Collected data entries
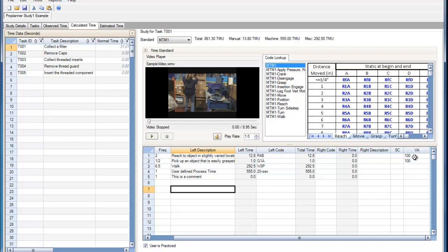For elements that you select with predefined codes, the ProPlanner staff has already set a value-added percentage for these given elements. However, the value-added percentages of these elements can be edited by the user.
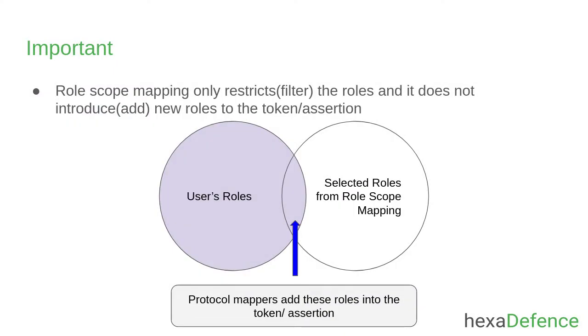The second most important thing is that the role-scope mapping only restricts the roles and it does not introduce new roles to the token or assertion. You can see in the diagram the conjunction of the user's roles and selected roles from the role-scope mapping will be added to the token or assertion by protocol mappers.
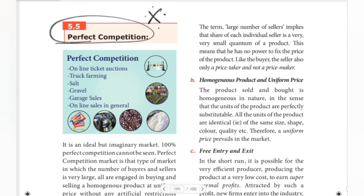Next, we have the characteristic of a homogeneous product — not a differentiated product. That is, the products are of the same size, same shape, same color. Sellers sell the same identical product. When you buy the same products, they will sell the same thing.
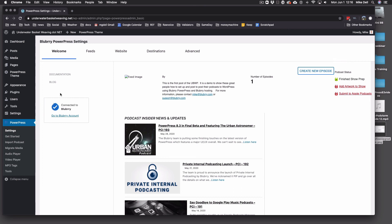And you'll notice over here now there's this box that says connected to Blueberry. And you're all set with either stats or with your hosting. Thank you.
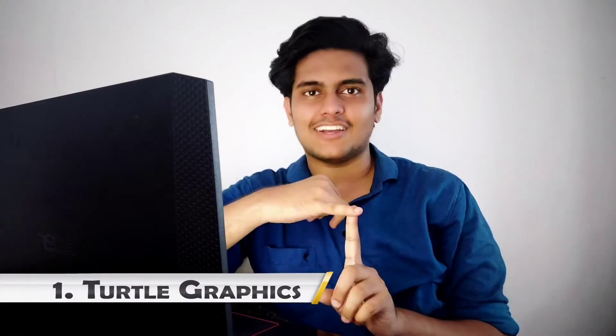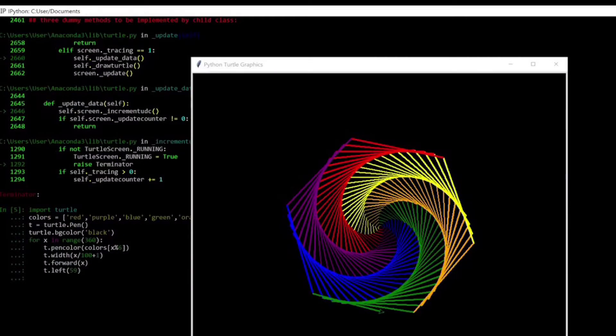The first project we will be doing is Turtle Graphics. It's actually a module in Python where you write some commands and it will draw colorful stars or write your name in colorful text. You just run the code and it does it. You don't need to be a pro in Python — even a beginner can start with this.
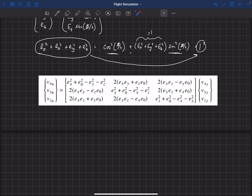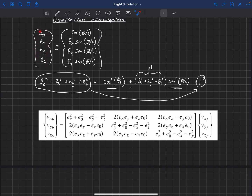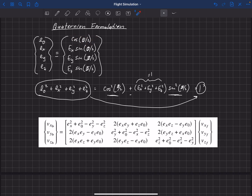If we want to find the weight vector in the body-fixed coordinate system, we know it in earth-fixed coordinates — it always points toward the center of the earth — so we use this transformation given the four quaternion components. Regarding labeling: E0 is the scalar component related to the rotation angle of the Euler axis formulation, and Ex, Ey, Ez are the vector components related to the components of the Euler axis — capital Ex, Ey, Ez. So E0 is seen as the scalar component and Ex, Ey, Ez as the vector components of the quaternion.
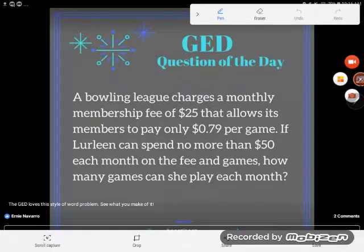Hey, you guys, it's GED question of the day, and we are facing another word problem. Let's take a look.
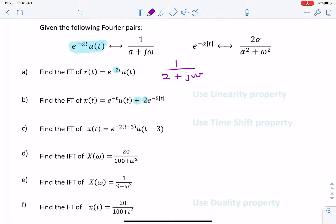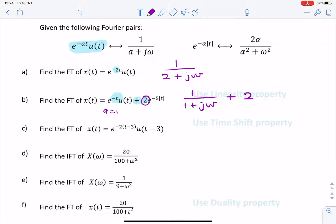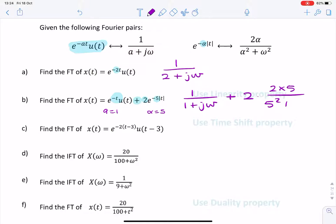The first one looks very much like the one we did in question A, so a would be 1 — that's the coefficient of t. So the Fourier transform of that would simply be 1 over 1 plus j omega, and then plus 2. For e to the minus 5t, we look at that coefficient — minus 5 — and identify alpha as being 5. So the Fourier transform is 2 times 5 divided by 5 squared plus omega squared, and we can combine the 2, 2, and 5 into a 20.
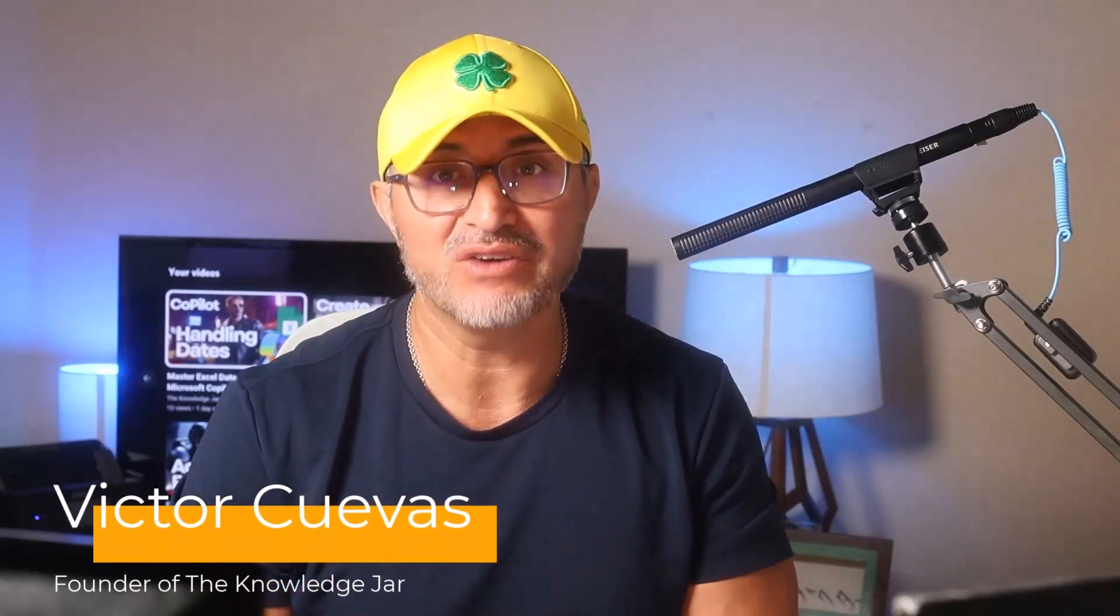Hey, welcome back. Today we're diving into how you can leverage Microsoft Copilot in Excel to handle conditional statements. My name is Victor Cuevas and I'm the founder of The Knowledge Jar. In this channel you learn about how to use AI for your business, job, or personal use. I appreciate a like and subscribe to help get the video out to others, and also check out the free resources in the comments section below.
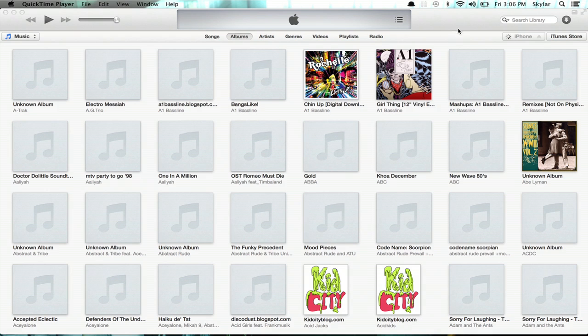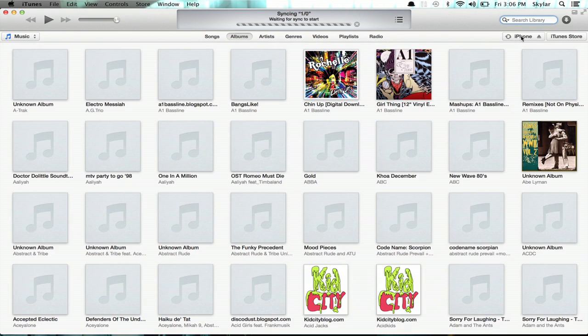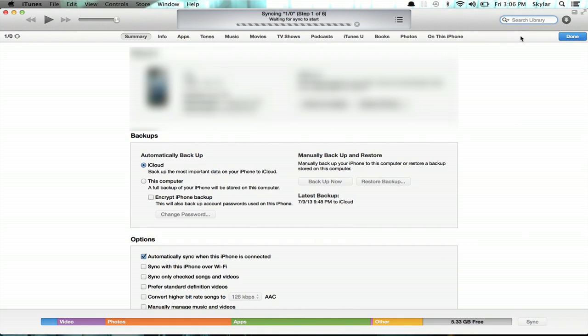And we see in iTunes that the iPhone appears in the upper right. Just give it a second to load, and once it does, you can click on it. And mine is set up to automatically sync. So right here, it would do it right off the bat,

### WHAT IS NEEDED:
The entries above are to be repeated exactly, except for any pictures.

### SOLUTION FOR THIS EXERCISE:
For elements that you select with predefined codes, the ProPlanner staff has already set a value-added percentage for these given elements. However, the value-added percentages of these elements can be edited by the user.
The second most important thing is that the role-scope mapping only restricts the roles and it does not introduce new roles to the token or assertion. You can see in the diagram the conjunction of the user's roles and selected roles from the role-scope mapping will be added to the token or assertion by protocol mappers.
Next, we have the characteristic of a homogeneous product — not a differentiated product. That is, the products are of the same size, same shape, same color. Sellers sell the same identical product. When you buy the same products, they will sell the same thing.
And you'll notice over here now there's this box that says connected to Blueberry. And you're all set with either stats or with your hosting. Thank you.
The first project we will be doing is Turtle Graphics. It's actually a module in Python where you write some commands and it will draw colorful stars or write your name in colorful text. You just run the code and it does it. You don't need to be a pro in Python — even a beginner can start with this.
If we want to find the weight vector in the body-fixed coordinate system, we know it in earth-fixed coordinates — it always points toward the center of the earth — so we use this transformation given the four quaternion components. Regarding labeling: E0 is the scalar component related to the rotation angle of the Euler axis formulation, and Ex, Ey, Ez are the vector components related to the components of the Euler axis — capital Ex, Ey, Ez. So E0 is seen as the scalar component and Ex, Ey, Ez as the vector components of the quaternion.
Hey, you guys, it's GED question of the day, and we are facing another word problem. Let's take a look.
The first one looks very much like the one we did in question A, so a would be 1 — that's the coefficient of t. So the Fourier transform of that would simply be 1 over 1 plus j omega, and then plus 2. For e to the minus 5t, we look at that coefficient — minus 5 — and identify alpha as being 5. So the Fourier transform is 2 times 5 divided by 5 squared plus omega squared, and we can combine the 2, 2, and 5 into a 20.
Hey, welcome back. Today we're diving into how you can leverage Microsoft Copilot in Excel to handle conditional statements. My name is Victor Cuevas and I'm the founder of The Knowledge Jar. In this channel you learn about how to use AI for your business, job, or personal use. I appreciate a like and subscribe to help get the video out to others, and also check out the free resources in the comments section below.
And we see in iTunes that the iPhone appears in the upper right. Just give it a second to load, and once it does, you can click on it. And mine is set up to automatically sync. So right here, it would do it right off the bat,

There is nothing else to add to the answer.